In conclusion, we identified pathological grade-related gene modules and hub genes utilizing WGCNA approach. After analysis via GO and KEGG pathway enrichment, module eigengenes of GO terms included endothelial cell development, phagosomal acidification, and Notch binding, and KEGG pathways were associated with metabolism. Mechanistically, these molecular genes might contribute to the progression of KIRC by regulating the previously mentioned pathways. In addition, the twenty-seven hub gene mRNA transcripts were validated in KIRC patients based on the GEO database. It is worth mentioning that the key roles of these hub genes in KIRC were only predicted based on WGCNA theory, and if validated, our findings may provide evidence for the investigation of anticancer targets in KIRC patients. Of course, there are shortcomings in this experiment; the screened hub gene was not experimented to verify whether it plays a role in KIRC.

Data Availability

The data used to support the findings of this study are included within the article.

Conflicts of Interest

The authors declare that there are no conflicts of interest regarding the publication of this paper.

Authors’ Contributions

Weijian Xiong and Jin Zhong contributed equally to this work.

Acknowledgments

This study was supported by the Chongqing Natural Science Foundation (Nos. cstc2021jxjl130002 and cstc2021jxjl130003).

Supplementary Materials

Supplementary 1. Figure S1: key gene expression analysis in MEblack. The expression levels of (A) DLL4, (B) NOTCH4, (C) FLT1, (D) CDH4, and (E) PECAM1. Red: KIRC group; gray: normal group.

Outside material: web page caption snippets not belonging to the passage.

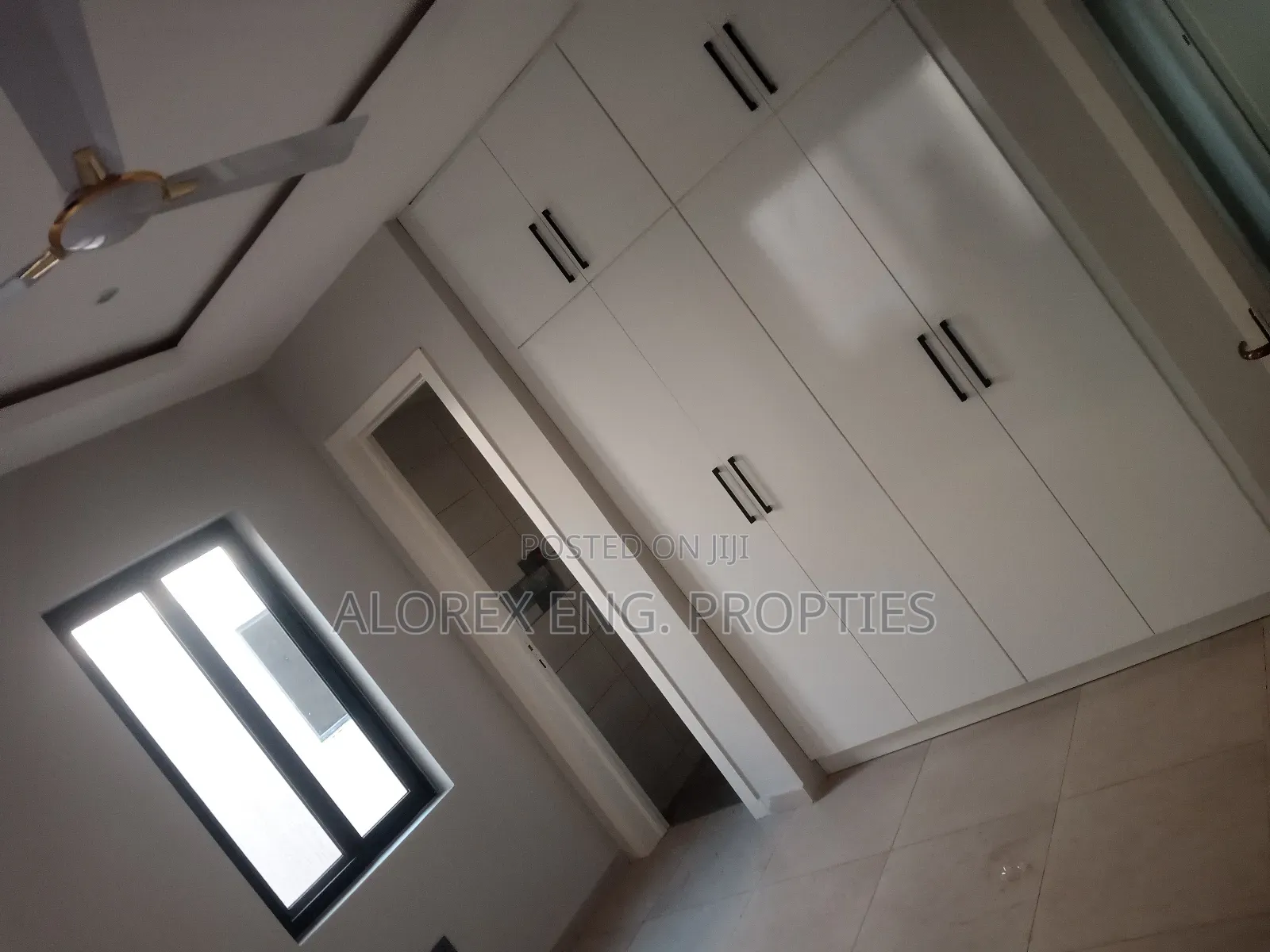 4bdrm House in $650 Executive, Oyarifa for rent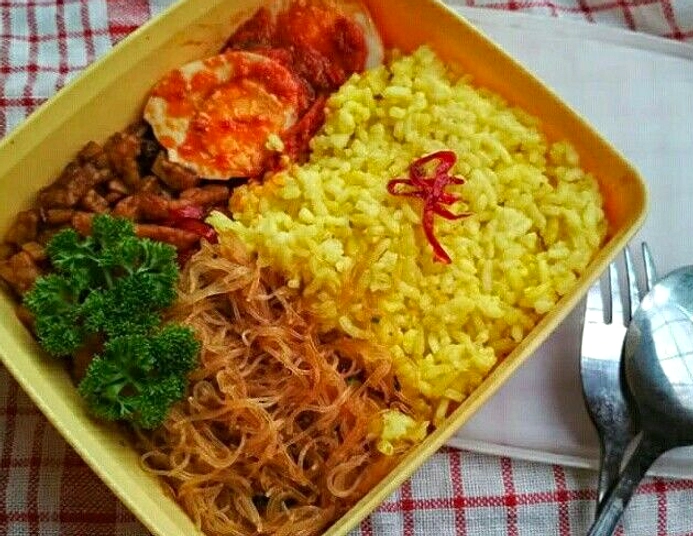 Sinaworai, Nasi Bambu Andalan Saat Beraktivitas di Kebun
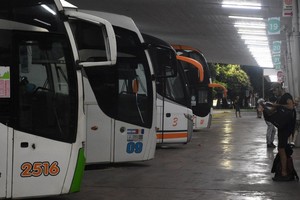 Luego del encuentro, Roura expresó que “fue una reunión muy positiva en la cual escuchamos las principales necesidades de la ciudad como la mejora del recorrido entre Esperanza y Santa Fe y la creación de un trayecto que una la ciudad con Rosario. Al respecto analizamos algunas alternativas y también dialogamos sobre la aplicación del Boleto Educativo Gratuito”.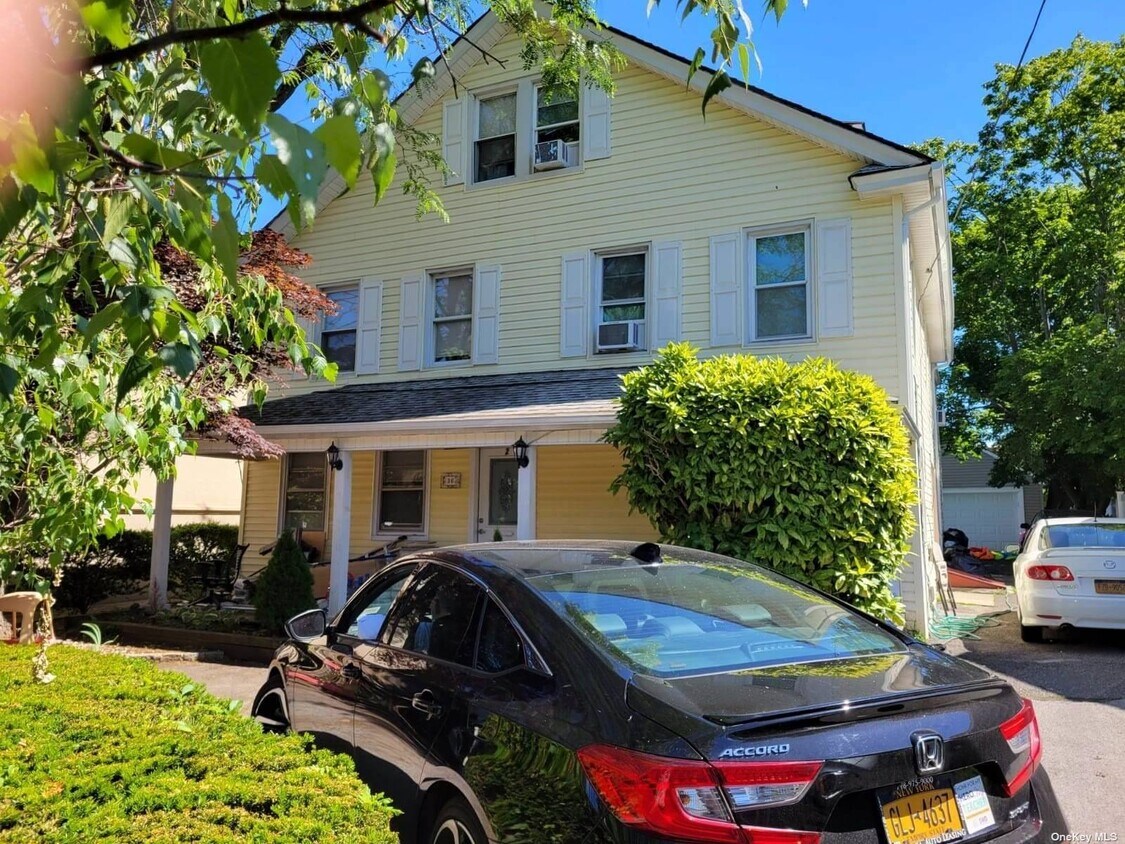 Primary Photo - 36 Maple Ave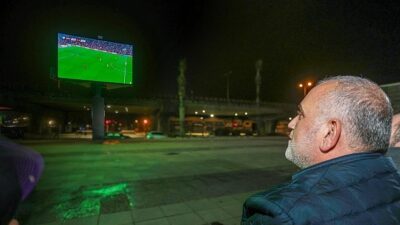 Canik Belediyesi'nin düzenlediği etkinlikte milli maç coşkusunu paylaşan yüzlerce vatandaş,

Supplementary 2. Figure S2: key gene expression analysis in MEyellow. The expression levels of (A) VEGFA, (B) POU5F1, (C) AGER, (D) NFKB2, (E) EIF4A1, and (F) HNRNPU. Red: KIRC group; gray: normal group.

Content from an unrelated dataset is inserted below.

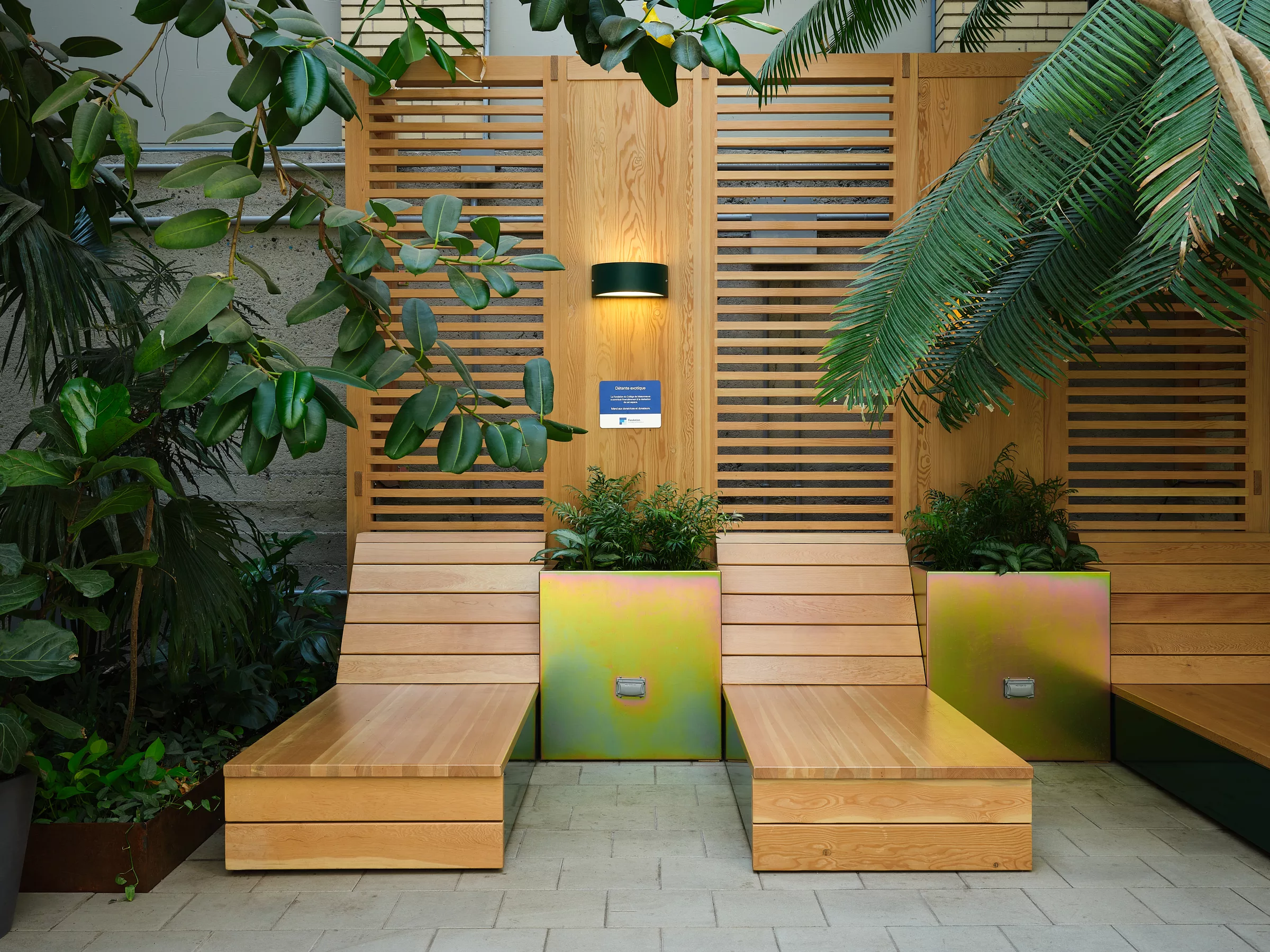 Détail de mobilier dans l'aménagement du jardin intérieur du Collège de Maisonneuve.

Supplementary 3. Figure S3: key gene expression analysis in MEgreen. The expression levels of (A) ATP6V0D2, (B) ATP6V1A, (C) ATP6V1H, (D) ATP6V0A4, (E) ATP6V1C2, and (F) ATP6V1B1. Red: KIRC group; gray: normal group.

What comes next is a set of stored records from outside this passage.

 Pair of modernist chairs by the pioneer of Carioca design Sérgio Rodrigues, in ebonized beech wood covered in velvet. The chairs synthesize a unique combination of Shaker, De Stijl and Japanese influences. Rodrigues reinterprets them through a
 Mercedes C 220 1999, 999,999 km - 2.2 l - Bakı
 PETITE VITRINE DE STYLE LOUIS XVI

Supplementary 4. Figure S4: OS analysis of ten key genes in MEblack. (A) DLL4, (B) NOTCH4, (C) FLT1, (D) CDH4, and (E) PECAM1.

Supplementary 5. Figure S5: OS analysis of ten key genes in MEyellow. (A) VEGFA, (B) POU5F1, (C) AGER, (D) NFKB2, (E) EIF4A1, and (F) HNRNPU.

Supplementary 6. Figure S6: OS analysis of ten key genes in MEgreen. (A) ATP6V0D2, (B) ATP6V1A, (C) ATP6V1H, (D) ATP6V0A4, (E) ATP6V1C2, and (F) ATP6V1B1.